Q6: What most excites you about the emerging category of Experience Management?
Ben: I mentioned it a few times but I am super excited about what we can learn and leverage from the CX space. I have learned so much from my CX counterparts over the last few years.
I also legitimately think XM is going to make the business world much more human. If you think about it, what XM essentially states is that it’s actually better for business if you do right by your employees, your customers, and your stakeholders. Imagine if the opposite were true or if organizations perceived the opposite to be true? IF that were the case, our lives would be much worse!

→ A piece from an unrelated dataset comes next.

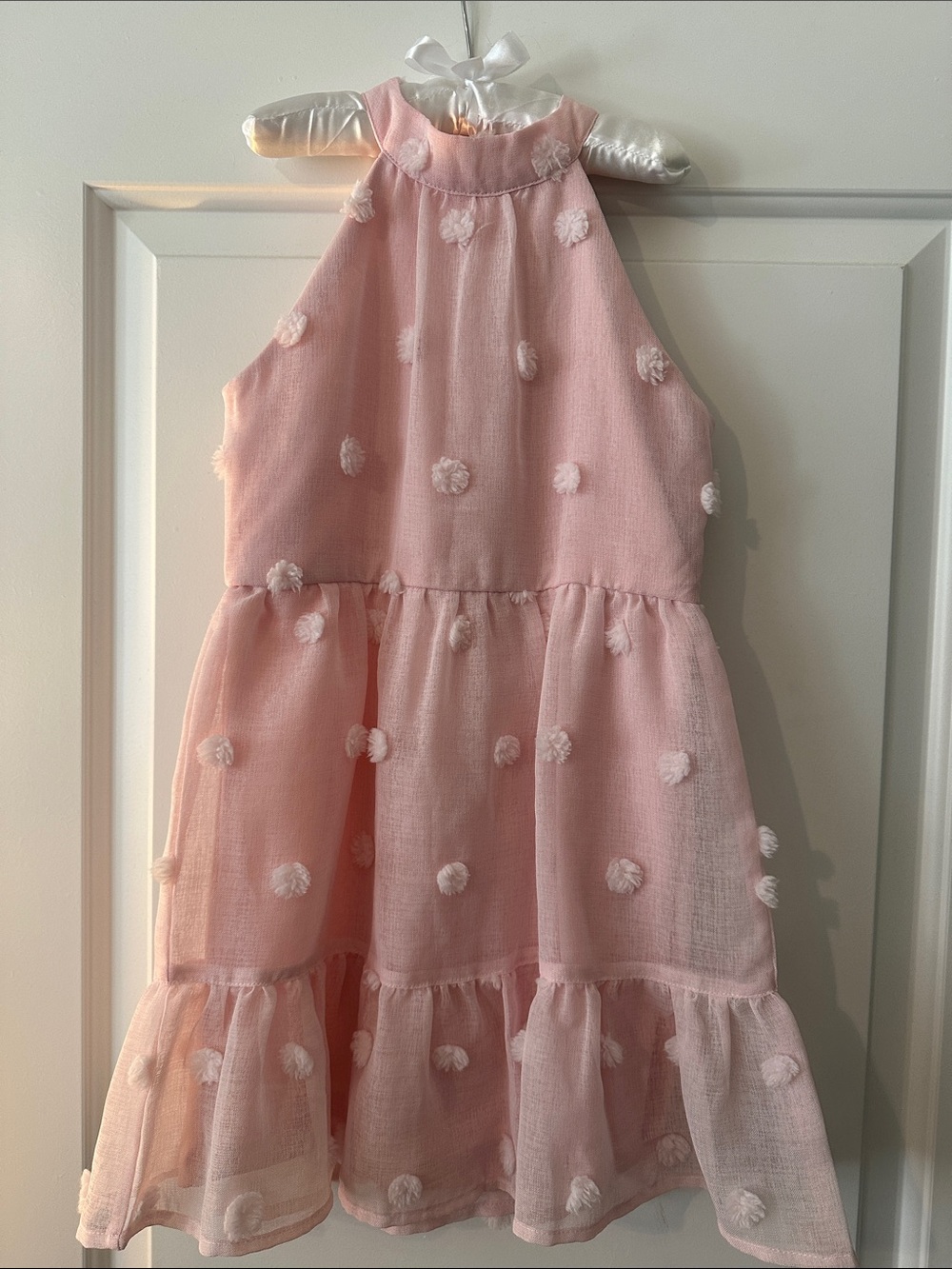 GB girls Pink Pom-Pop Halter Dress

But luckily that is NOT the case. So XM will continue to prove this to be the case and eventually the organizations that provide the best experiences will be the ones still standing…and that is a great thing for all of us!
Q7: Now for something a bit more personal, what is your favorite quote from a movie, and why does it resonate with you?
Ben: “Where we’re going we don’t need roads” – Doc Brown from Back to the Future II.
First of all, this is one of my favorite movie trilogies of all time – I could watch the first two movies over and over and never get tired.
But tying it to EX, it really resonates with me that we often think about the future in terms of what we’ve done or what we’ve had to do in the past. Like when leaders immediately get scared of something like lifecycle feedback or pulse surveys because they immediately think about how painful running that one annual survey was in the past. Sometimes, we have to forget the past and imagine what it could/should be like.